I know that the Chebyshev Filter is a bandpass filter; but it doesn't work. the data is still noisy after filtering.

Chebyshev Filter: The Chebyshev filter gives a sharper cutoff than a Butterworth filter in the pass band. A disadvantage of the Chebyshev filter is the exterior of gain minima and maxima below the cutoff frequency. Due to the ripples in the pass-band, it is not used in the audio systems. Though it is far better in some applications where there is only one frequency available in the pass band, but numerous other frequencies are required to eliminate.

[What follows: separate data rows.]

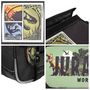 Voir la diapositive 6 : Bagtrotter Bagtrotter - Jurassic World - Cartable 38cm  -  Noir et Vert Kaki  - 2 Compartiments  - 1 Poche Sous Rabat - 1 Poche Bouteille - Bretelles Matelassés - Fond Renforcé - Dos Matelassé -  Rabat Réversible - 38x13x34cm - Matière Polyester - Cartable Scol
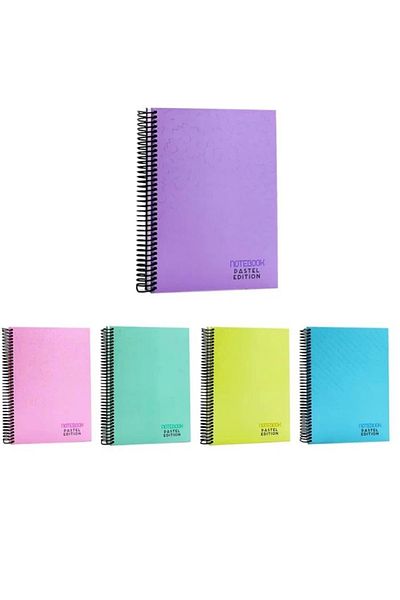 Mikro MICRO EDITION PASTEL - 17X24 Checked School Notebook, 120YP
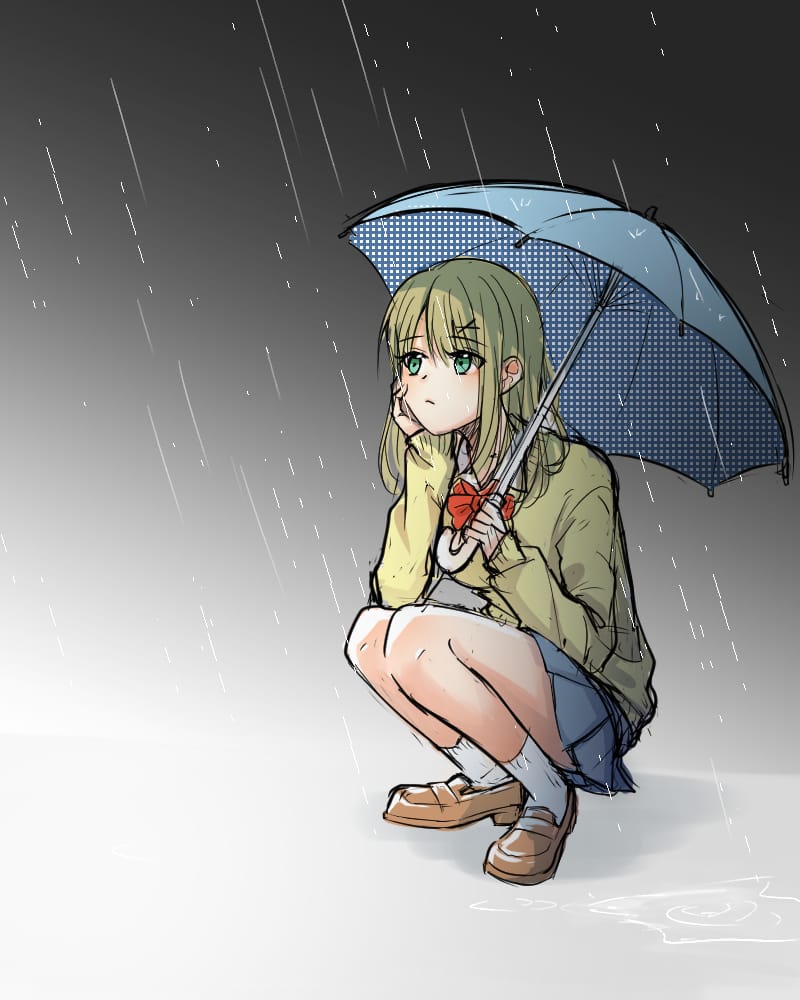 下雨了 Yuki イラスト Art Street アートストリート 下雨了 Yuki イラスト Art Street アートストリート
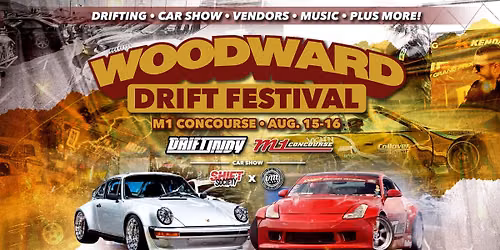 Woodward Drift Festival at M1 Concourse with Vaded Mob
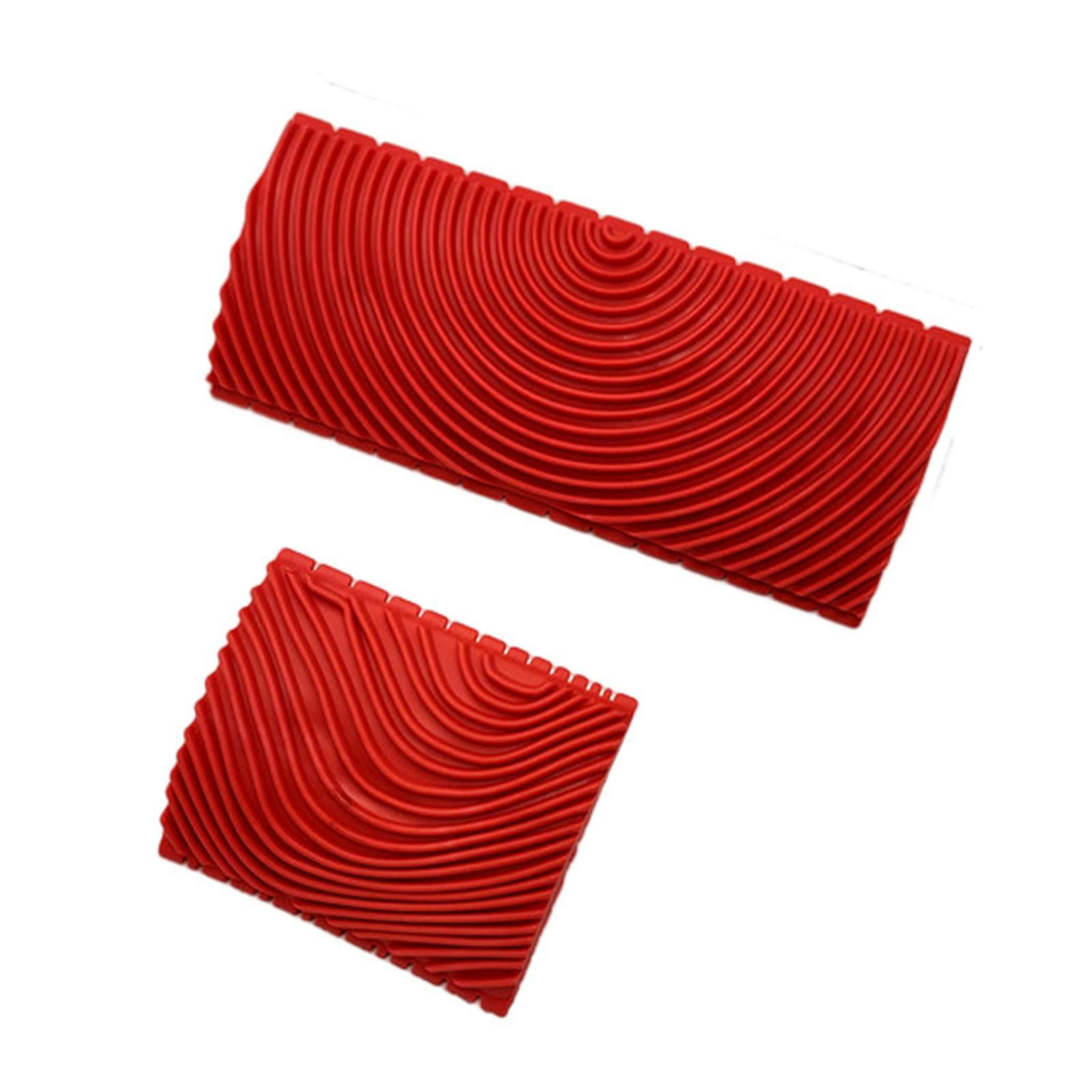 TUMALL 2x Wood Graining Painting Tool Set Wood Grain Roller Painting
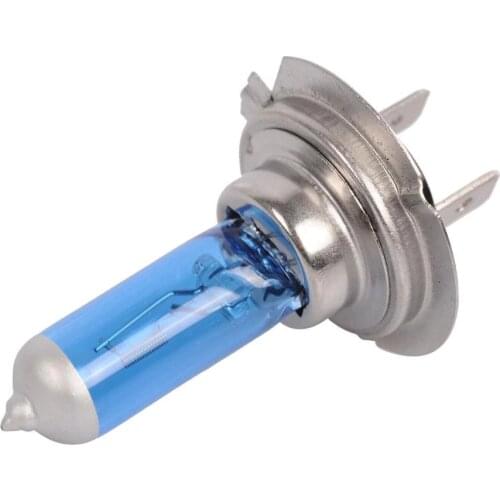 Hippcron 1Pieces 55W H7 Halogen Bulbs Super White Quartz 5000K Lamp 12V Dark Glass Car HeadLight Bulb Auto Blue Xenon C7A1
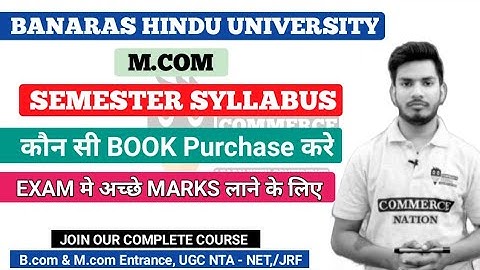 BHU M.COM SEMESTER SYLLABUS & BOOKS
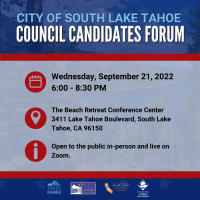 South Lake Tahoe City Council Candidates Forum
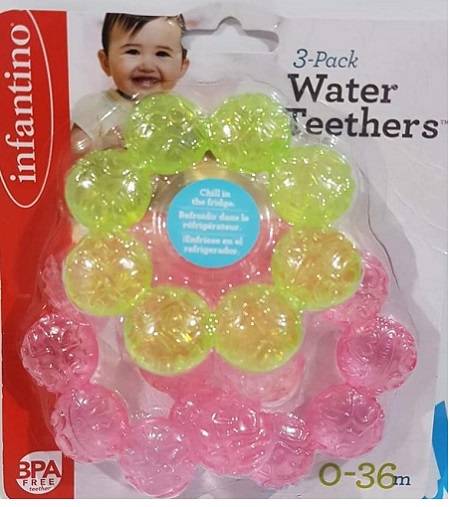 WATER TEETHERS - PINK/LIME
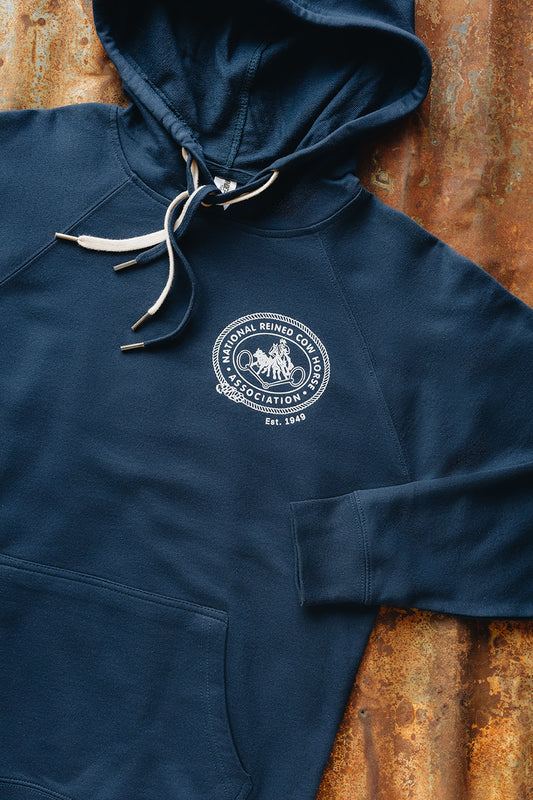 NRCHA Retro Logo Unisex Navy Blue Hoodie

 % I use A picoscope2000 serie for data acquisition. (MATLAB)
 ps2000_getdata;  

 % The data is saved a cha_a (MATLAB)
 cha_a = (bufferChA/1000);
  
 % Here i use the Chebyshev bandpass filter to filter the noisy data(MATLAB) 
 [A,B,C,D] = cheby2(10,40,[900 1100]/1500);
 d = designfilt('bandpassiir','FilterOrder',20, ...
'StopbandFrequency1',900,'StopbandFrequency2',1100, ...
'StopbandAttenuation',40,'SampleRate',8000);

  y= filter(d,cha_a); % convolution

  sos = ss2sos(A,B,C,D);
  fvt = fvtool(d,y,'Fs',8000);
  legend(fvt,'cheby2','designfilt')

This is the result of the magnitude response : enter image description here

And this is the impulse response : enter image description here

My input data is suppose to be a squared data. And when you look at the impulse response of the output, it does not look like the impulse response of a square signal. There is stil noise. How can i adjust my filter ? Or did i used the filter well ?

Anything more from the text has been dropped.